その後、鬱状態はゆるやかに回復していきましたが、地球環境問題への関心は封印したままでした。

絶望からの復活


専門学校卒業後、そのまま美容師になろうとは思いませんでした。給料が安かったからです。専門学校に通うために借りていた奨学金を返すことを考えると、美容師の収入では難しいと感じました。両親が離婚した関係でお金に不自由な生活をしてきたので、そうはなりたくないなと思っていたんです。給料の高い仕事を探した結果、ホステスとして働くことにしました。

ホステスの世界では順調にステップアップでき、六本木のクラブでナンバー1になりました。一方で、夜の仕事は体の負担も大きいので、いつまでも続けられないとは分かっていました。仕事への思い入れも強くなかったので、その気になればいつでもやめられるだろうと軽く考えていました。

しかし、一旦お金を稼げる生活に慣れると変化を恐れるようになっていました。別の世界に移って、生活水準が落ちるのはわかっていましたし、築き上げてきた地位を失いたくない思いもありました。ほかにやりたい仕事が明確に見えなかったので、お金をモチベーションに働く状態をズルズル続けました。

働き始めて10年が経った頃、その当時の彼氏からホステスをやめてほしいといわれました。ちょうど30歳で節目のタイミングだったので、ホステスはやめて、何か違うことを始めようと決心しました。

彼氏とは結婚を考えていましたが、結局別れました。ホステスをやめるきっかけを与えてくれた恩人であり、一緒に人生を歩んでいきたいと考えていただけに落ち込みました。あまりにもショックが大きかったので、心をケアするためにカウンセリングに通い始めました。

ラッキーなことに出会ったカウンセラーさんとはとても相性が良く、なんでも打ち明けることができました。ありのままの自分をさらけだせる空気を作り出してくれたので、話すことで自分を見つめ直すきっかけになったんです。失恋の痛みはすぐに消化でき、それ以外の悩みも掘り下げることになりました。

すると、心の隅に隠していた地球環境問題への関心にたどり着いたんです。とても自然なアプローチだったので、拒否反応を起こさず、この悩みと向き合えました。その結果、もう一度、環境問題に関わる取り組みがしたいと思うようになりました。

本当にやりたいことをやろう


ホステスをやめてすぐは、経済的に余裕があったので、自由を満喫しました。その期間に、ワーキングホリデーでオーストラリア、長期滞在でハワイに行く機会がありました。

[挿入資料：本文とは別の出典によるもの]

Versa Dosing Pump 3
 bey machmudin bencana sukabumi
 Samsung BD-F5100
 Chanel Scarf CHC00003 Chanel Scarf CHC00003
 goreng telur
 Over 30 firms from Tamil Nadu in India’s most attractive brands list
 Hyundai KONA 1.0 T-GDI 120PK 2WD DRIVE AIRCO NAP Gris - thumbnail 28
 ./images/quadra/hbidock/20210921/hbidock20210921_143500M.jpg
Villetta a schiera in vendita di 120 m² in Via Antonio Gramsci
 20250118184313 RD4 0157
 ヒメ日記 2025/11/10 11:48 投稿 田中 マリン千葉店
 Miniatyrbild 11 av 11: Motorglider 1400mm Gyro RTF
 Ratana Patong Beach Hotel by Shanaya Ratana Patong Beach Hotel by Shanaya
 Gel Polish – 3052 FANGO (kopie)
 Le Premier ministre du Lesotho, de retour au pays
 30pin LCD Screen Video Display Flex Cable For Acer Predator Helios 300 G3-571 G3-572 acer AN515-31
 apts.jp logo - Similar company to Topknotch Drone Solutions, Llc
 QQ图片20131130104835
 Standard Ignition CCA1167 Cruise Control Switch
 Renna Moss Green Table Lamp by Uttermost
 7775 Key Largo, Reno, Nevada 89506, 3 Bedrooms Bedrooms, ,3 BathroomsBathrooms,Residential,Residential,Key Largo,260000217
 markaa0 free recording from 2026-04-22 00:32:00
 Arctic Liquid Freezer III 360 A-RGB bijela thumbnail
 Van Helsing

ハワイの人々は、朝5時に起きてコーヒーを飲んだりウクレレを弾いたりして、2時間ほどのんびり過ごしたあと出勤し、仕事から帰ってきた後にサーフィンに行ったりビーチにサンセットを眺めにいくように暮らしをしていました。日本の慌ただしい日常に慣れている身からすると、ビックリするほど余裕のある生活に見えました。そんな暮らしでも経済が成り立っているのが不思議に思えました。

生き急がず、ゆったりと自然の流れと調和するハワイの人々はうらやましいなと思っていました。暮らし方が素敵に映ったんです。

しばらくハワイに滞在していると、もしかしたらこの生活はハワイでなくてもできるかもしれないと思うようになりました。ハワイの暮らしの魅力は、自然に囲まれているところだけでなく、毎日少しずつ自分の時間を確保しているところにあると気づいたからです。ウクレレやサーフィンをして楽しむ時間が心にゆとりを生んでいると感じました。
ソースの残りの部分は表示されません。